Родители мужа целый день сидят на полу, до ванной доползают на четвереньках. Порядочная вдова не разрешает им подниматься в полный рост и ходить по квартире, и она права: из окон дома напротив все видно. Внешность у родителей ужасная. И речь ужасная. Их приходится хорошенько прятать и хорошенько платить за риск.
Муж работает на пана Болека. Теперь он не Шайек и не Вольф, его зовут Владек. Днем он ходит в гетто на работу — грузит кирпичи на подводы, а ночью возвращается туда по каналам — забрать припрятанные в руинах еврейские вещи. Он продает их постоянным клиентам, закупает для евреев продукты, остальное отдает вдове.
Эта великодушная женщина не выгоняет жильцов, когда в гетто вспыхивает восстание, и муж теряет сразу и дневной, и ночной заработок. Они глядят на пламя. На черный дым, поднимающийся над стеной. Прислушиваются к выстрелам. Пытаются угадать, где стреляют, что горит и куда бегут люди. (Успеют они убежать или погибнут в огне?) Иногда с ними кто-нибудь заговаривает — на улице, на трамвайной остановке. Если человек со вздохом говорит: «Господи Иисусе, что за несчастье!» или что-то в этом роде, их охватывает страх. Почему он говорит это именно им, бог ты мой, ну почему?! Не отвечая, они спешат уйти подальше от сострадающих и удрученных. Зато если кто-нибудь бросит: «Ого, жиды-то как поджариваются!», они спокойны — значит, их приняли за своих. Они стоят, не торопятся: что ж, поджариваются так поджариваются.
В середине мая восстание затухает. Люди пана Болека возобновляют свою деятельность. Самое время, а то вдова уже начинает нервничать.
Муж по каналам выводит из гетто родителей своей приятельницы. Внешность у тех вполне приличная: она — крупная, полная, он носит усы, можно поселить их дома. (Живут они теперь в бывшем еврейском доме на Марианской, с симпатичным, надежным дворником паном Матеушем. Квартиру устроила Лилюся. Тут уже успели побывать мародеры, но они вставили окна и раздобыли печурку с трубой, жить можно.)
Родители мужниной приятельницы могли бы быть поблагоразумнее: рядом лестница, и соседям слышен каждый шорох. Увы, они люди легкомысленные. Кипятят воду, гремят посудой. Приходится съезжать с квартиры.
Муж находит им новое жилье, они втроем отправляются туда.

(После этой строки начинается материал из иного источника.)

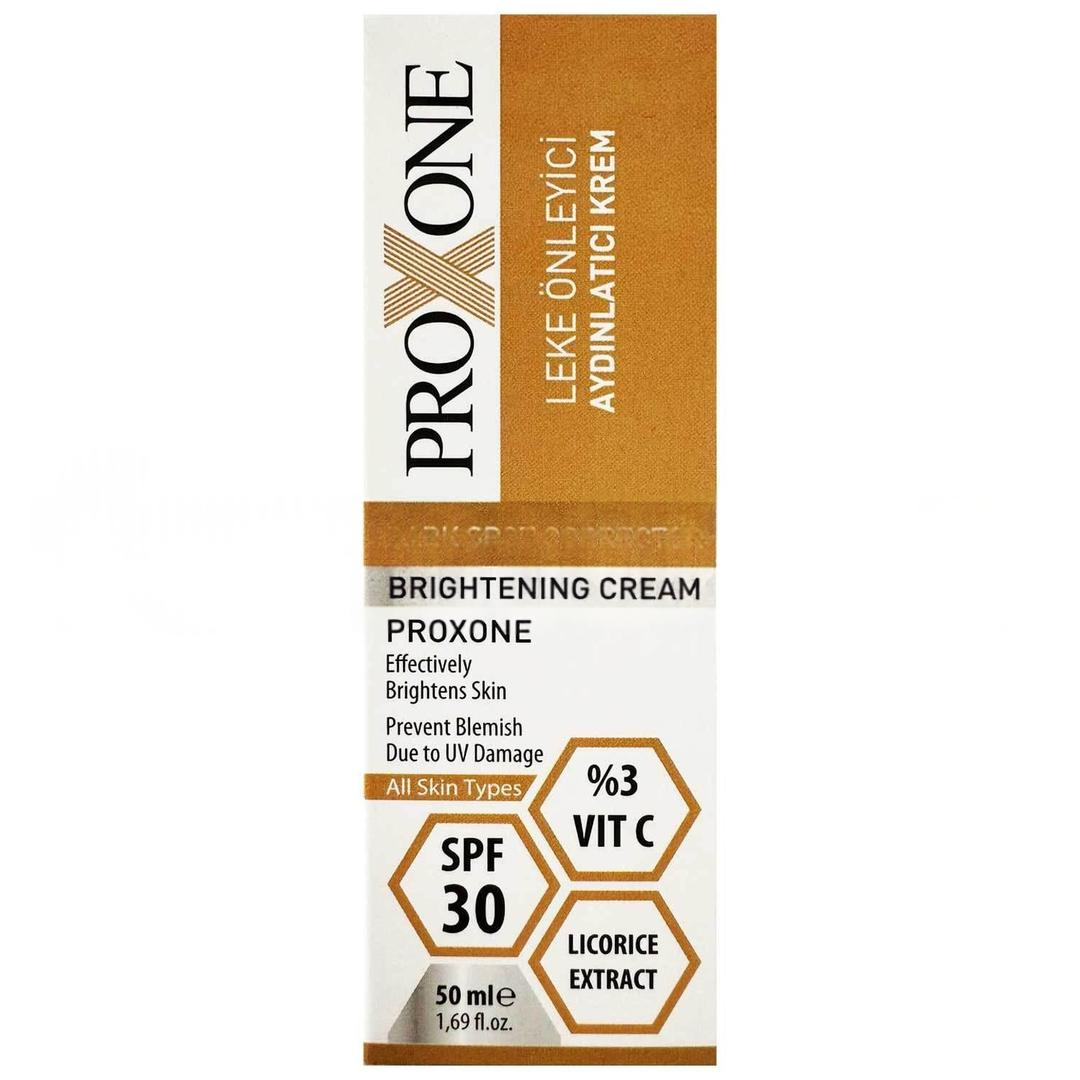Proxone Leke Önleyici Aydınlatıcı Krem SPF30+ 50 ml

На улице встречают знакомого еврея из Лодзи. Тот тоже узнает их. Приветливо улыбается, они улыбаются в ответ и идут дальше.

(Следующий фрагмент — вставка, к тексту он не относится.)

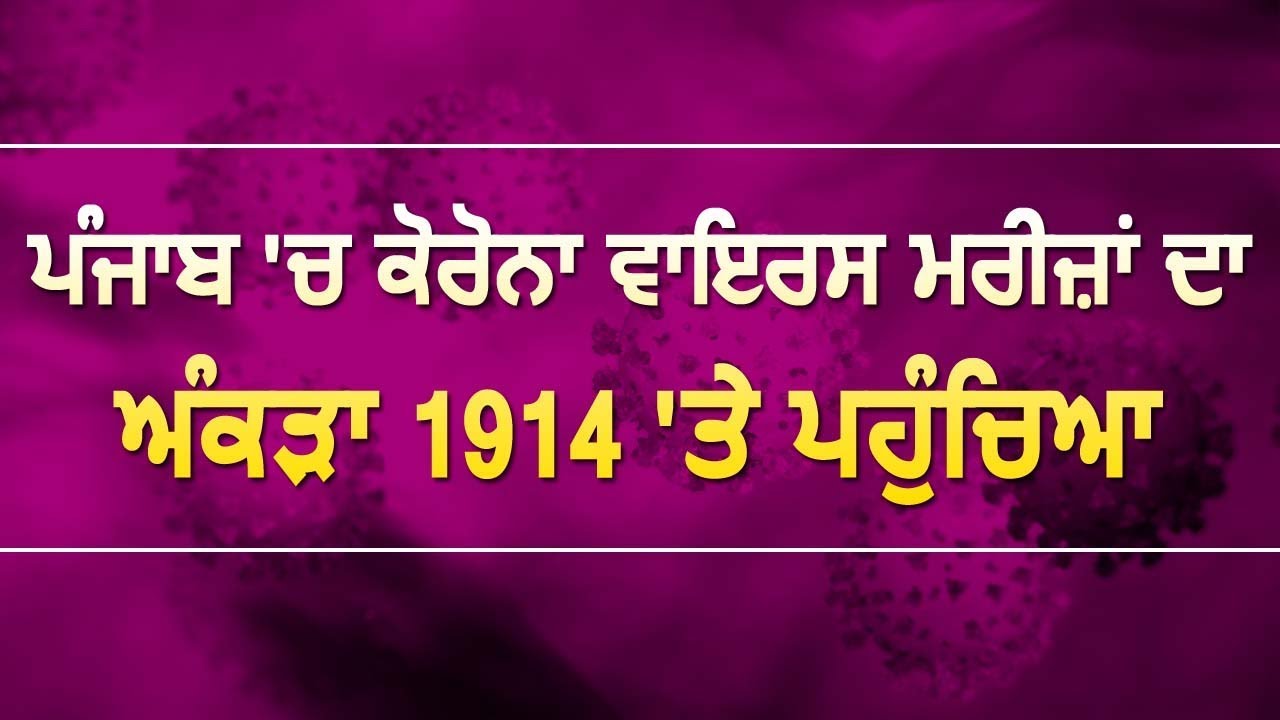 Punjab में Corona Positive मरीजों की गिनती हुयी 1914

Входят в квартиру. Через час кто-то стучит в дверь. Смотрят в глазок: знакомый из Лодзи. Они открывают — на пороге полицейские. Всех забирают в комиссариат, мужа отпускают, стариков отвозят в криминальную полицию.
На следующий день муж просыпается и говорит, что этим людям нужно помочь. Еврей. Обрезанный. С фальшивой кенкартой. Жена перекрашена в блондинку. Родители скрываются в убежище. В тайнике — тюки с еврейским барахлом. И он — он! — отправляется в немецкую криминальную полицию. Она пытается его удержать. Кричит: зачем ты идешь? Ради кого? Это ты должен выжить, а не они! Муж отстраняет ее. Переговоры с полицейскими ничего не дают, хорошо еще, что они не догадываются проверить его ширинку.
Через несколько недель из лагеря приходит открытка. На ней два слова: «Спасите нас». Приходит и телеграмма от мужниной приятельницы. В ней четыре слова: «Спасите, куда прислать деньги?» На ее месте я бы села в поезд и приехала спасать родителей сама, говорит она мужу. Но муж прекрасно понимает свою приятельницу: она боится потерять хорошее место — прислуги в немецком доме. Хочет спокойно дожить до конца войны.
Муж прав. Приятельница доживет до конца войны. А ее родители, которые своим отчаянием, своим призывом осмелились подвергнуть опасности его жизнь, погибнут в лагере.